Orlando dominatore assoluto delle amministrative ma si ferma al 48%: se la vedrà al secondo turno con il candidato del Pd, che spera di ribaltare la situazione

Fabrizio Ferrandelli

Negli ultimi giorni della campagna elettorale di Palermo, la voce sembrava solo una boutade: Orlando ha una cassaforte di voti piena. Sembrava una boutade appunto e invece il professore Leoluca Orlando non diffondeva terrorismo psicologico; i suoi dati, confermati dai primi exit poll, erano veri. Incredibilmente veri.

Leoluca Orlando, il sindaco della primavera, quello che il sindaco lo sa fare- come si legge su BlogSicilia -, ha portato a casa un risultato che – nonostante le premesse, i distinguo e le dichiarazioni d’intenti di una campagna elettorale che non è ancora chiusa – sarà difficile ribaltare al turno di ballottaggio in programma domenica 20 e lunedì 21 maggio.

Fabrizio Ferrandelli segue doppiato abbondantemente. Ma, come detto, avrà comunque la chance del ballottaggio.

Massimo Costa, il problem solver della coalizione sperimentale fra Udc, Pdl e Grande Sud, porta a casa un risultato piccolo così. Ma su questo dato, in fondo, perché stupirsi? La coalizione di centrodestra avrebbe dovuto essere sconfitta, spazzata via al primo turno. Senza possibilità di rimonta. In fondo, dunque, Costa mantiene la previsione antecedente alla spaccatura del centrosinistra.
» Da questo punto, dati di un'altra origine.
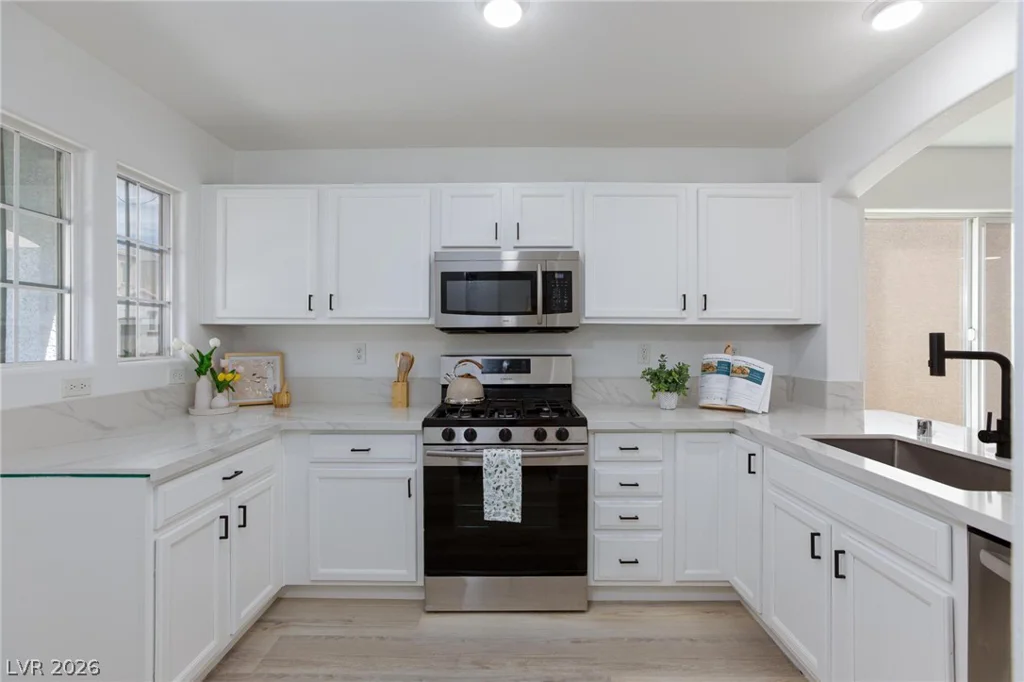 10373 Perfect Parsley, Las Vegas, NV 89183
Ed è proprio da questa parte dello schieramento che la crepa nella coalizione e all’interno del partito democratico mostra segni di un cedimento che in Sicilia può avere ripercussioni sia nel Pd siciliano che nell’assetto degli accordi in vista delle prossime elezioni regionali.

E’ il dato delle liste, inoltre, che farà la differenza, proprio in vista della ormai imminente altra campagna elettorale, quella per il rinnovo dell’assemblea regionale siciliana. E un paio di risultati meritano una sottolineatura, anche quando i risultati ufficiali dello scrutinio sono all’alba della verità: Sel, ad esempio. Il partito di Nichi Vendola porta a casa uno scarno 3% delle preferenze (dato solo ipotetico, vista la lentezza dello scrutinio, ndr) restando ancora una volta fuori da sala delle Lapidi. E non sarà sufficiente “giustificarsi” con l’assenza del simbolo del partito di Vendola nella scheda elettorale perché comunque il nome del governatore pugliese era impresso e riconoscibile.
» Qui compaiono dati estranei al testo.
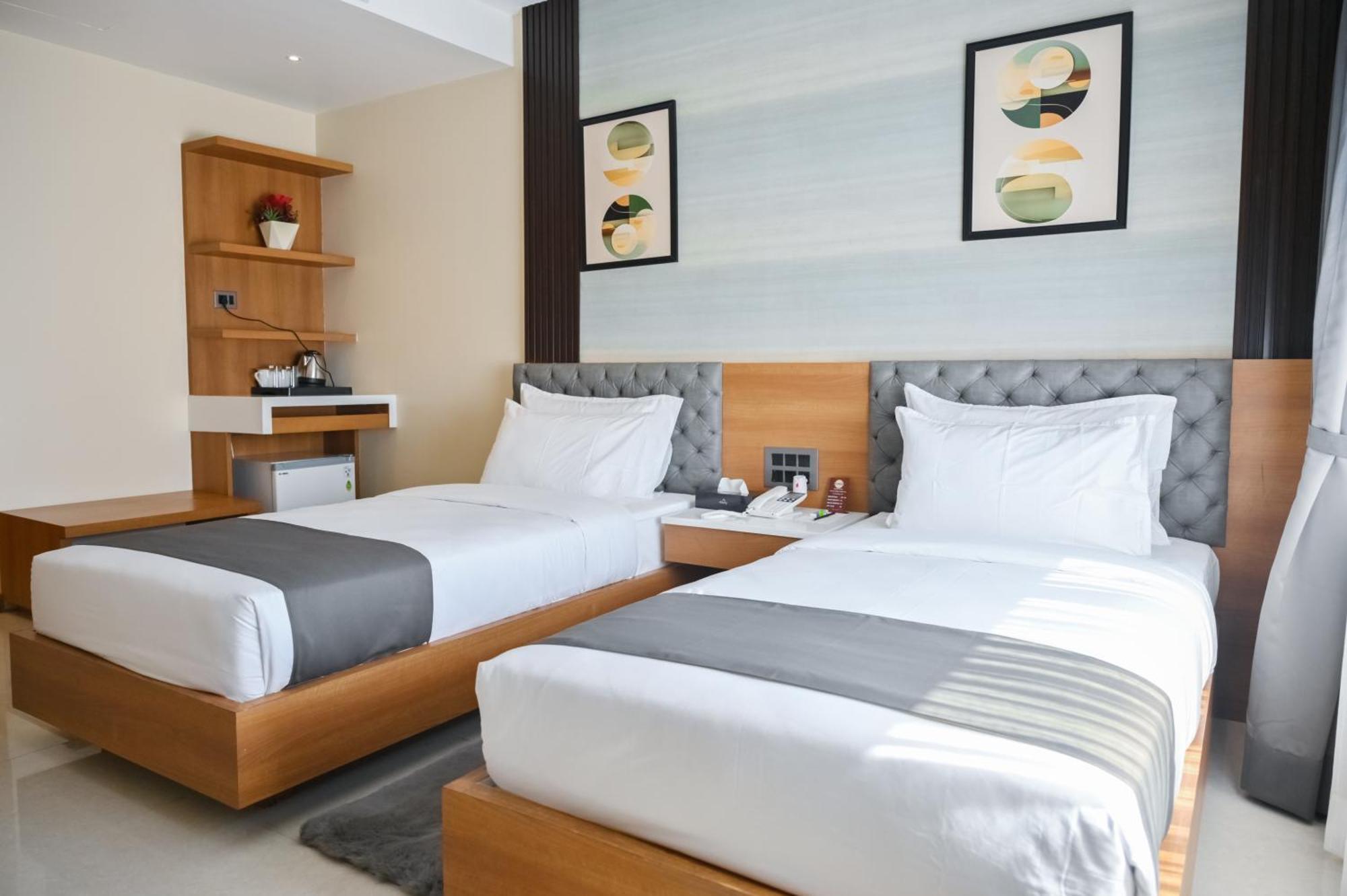 Hotel Barak View Residency Silchar Ngoại thất bức ảnh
Il Pd del segretario regionale Giuseppe Lupo e dei suoi oppositori interni, Beppe Lumia e Antonello Cracolici, segna un calo che rischia, a scrutinio finito, di essere corposo rispetto all’ultima elezione amministrativa del 2007, dai due ai due punti e mezzo in meno.

Il Pdl crolla segnando una resa senza condizioni in una delle città che ha fatto le fortune del cavaliere e dei suoi uomini di punta. Fli e Mpa e Api, insieme – a seggi solo parzialmente scrutinati – fanno segnare un voto dignitoso come coalizione del Terzo polo. Al contrario, preso il dato singolo Fli rischia di non superare lo sbarramento del 5%, l’Api di Rutelli rischia di appaiarsi al risultato più basso delle liste civiche mentre per il partito del governatore Raffaele Lombardo il dato dell’8% – se confermato – sarà comunque sotto le aspettative del Movimento per le autonomie.

L’Udc di Gianpiero D’Alia porta a casa un risultato che certifica la permanenza in vita di un partito che un anno e mezzo fa, dalla scissione del gruppo che poi ha formato il Pid, rischiava di scomparire.

L’Idv, infine. L’exploit della lista del candidato sindaco, che supera il 10%, è un successo legato al traino di Leoluca Orlando. Un risultato evidentemente non replicabile a livello regionale dove il peso del partito di Di Pietro non ha mai ottenuto il seguito che gli esponenti di Italia dei Valori hanno sempre sperato.